Seven Chances is minor Keaton, but it climaxes with a sequence that’s among his best. Several dozen women, dressed in bridal gowns and expecting Keaton’s hand in marriage that afternoon, chase him through city streets. It’s a sublime, surreal image, the wedding party as lynch mob.

The Bachelor concludes with the same sequence, but with a few changes. Most disastrous, the brides are chasing Chris O’Donnell rather than Keaton. Keaton was the best physical comic who ever graced the movies, blessed with superhuman agility and impeccable comic timing. In Seven Chances, he manages to make something as simple as running funny: with a jut of a limb at an odd angle, a stoic look over his shoulder or a sudden acceleration, he keeps escalating the hilarity of the chase.

O’Donnell, on the other hand, is a lump of white bread with good teeth. When he runs, he does nothing but propel himself from one place to another. He’s incapable of being interesting when he speaks, let alone through physicality. Since he can’t generate any mirth in the chase scene, the filmmakers try to whip up laughs by resorting to cheap gags – biker brides, punk brides, fat brides – but to no avail. It manages to get even less funny the longer it lasts. By the end, it resembles nothing so much as a funeral procession.
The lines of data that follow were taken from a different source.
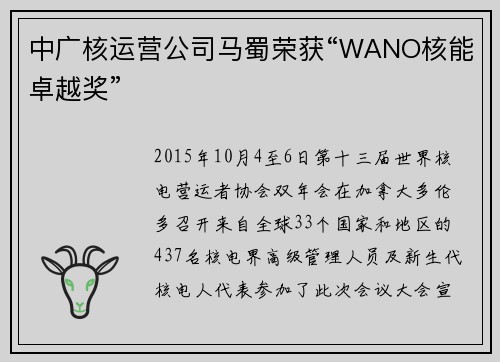 中广核运营公司马蜀荣获“WANO核能卓越奖”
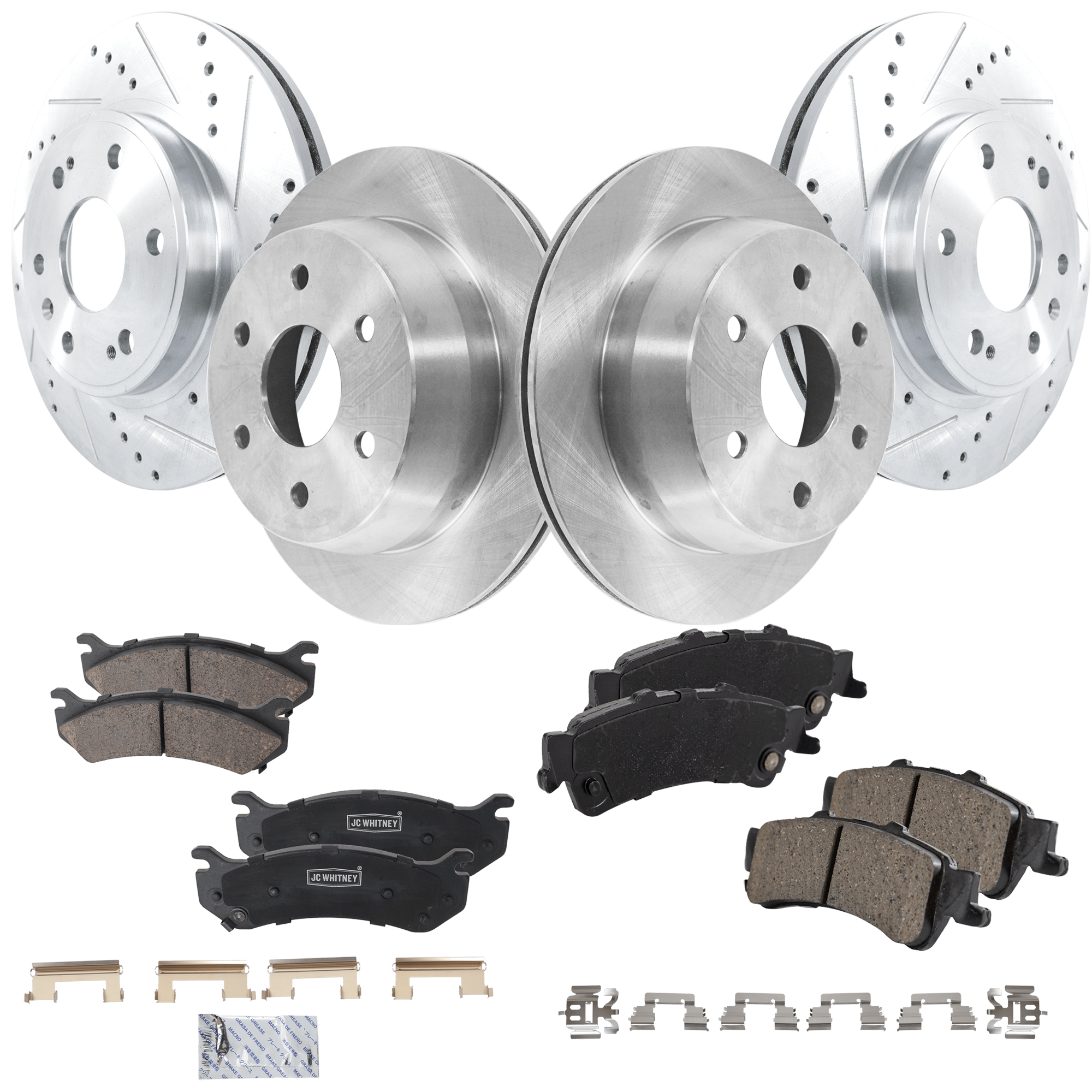 AM SILVERADO 1500 SIERRA 1500-99-06 FRONT AND REAR BRAKE DISC AND PAD KIT 4 Wheel Set SKU KIT 052226-48 OEM 15712800-19211496-19914-55054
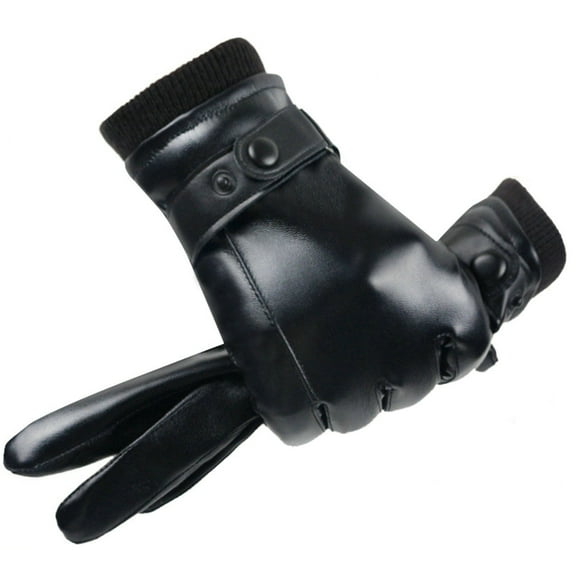 D-GROEE 1 Pair Winter Faux Leather Gloves for Men, Warm Thermal Touchscreen Texting Typing Driving Motorcycle Gloves With Plush Lining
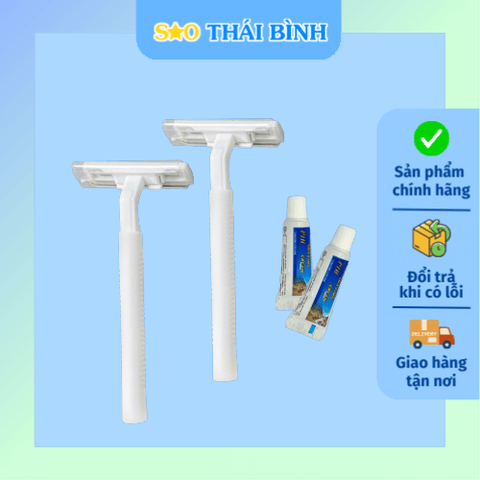Dao cạo râu cán TRÒN NHỰA TRẮNG - In logo bao bì giá tốt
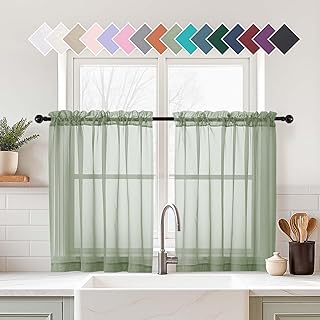 Sage Green Small Sheer Curtains 2 Panels Set, Kitchen Curtains 36 Inch Length, Elegant Light Filtering Short Window Drapes for Living Room Bedroom, Dual Rod Pocket Design, 2x42Wx36L Inches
Inflation is at work throughout the sequence. Keaton is chased by fifty brides; O’Donnell faces 500. Keaton hazards a small town and its outskirts; O’Donnell braves downtown San Francisco at rush hour. Keaton sees the women and runs; O’Donnell faces a church full of angry women bent on lecturing him – and us – about commitment and standards of beauty before he takes off.

In Keaton’s version, he plays a man too bashful to propose to his girlfriend. When he inherits several million dollars on the condition that he marry that day, he botches the proposal and has to seek out other likely prospects. The Bachelor takes this set-up but twists it; O’Donnell is too self-centered and afraid of commitment to propose properly. This difference is small but telling. We care whether or not Keaton survives the onslaught of the brides because we know that he actually wants to marry his girlfriend. O’Donnell is so diffident – and obnoxious – about the proposal that it couldn’t matter less who he marries. If he does wed his simpering girlfriend, he’ll still be an oaf, she’ll still pout and whine, and their kids will surely be insufferable.

Renee Zellweger, so touching in Jerry Maguire and The Whole Wide World, is saddled with the terrible role of O’Donnell’s girlfriend. She struggles, but is undone again and again by the film’s determination to turn her into a bland ingenue.

I was shocked at first that The Bachelor doesn’t acknowledge Seven Chances in its credits until just before the closing copyright notice. Now I suspect that they don’t want to risk comparisons by mentioning Keaton in the opening credits. Or perhaps Keaton’s heirs have threatened suit. (If not, they should. No jury in the land would fail to find this film a defamation of their father’s legacy.) In either case, I’m glad. I’d hate for anyone unfamiliar with his work to associate this ponderous mess with him.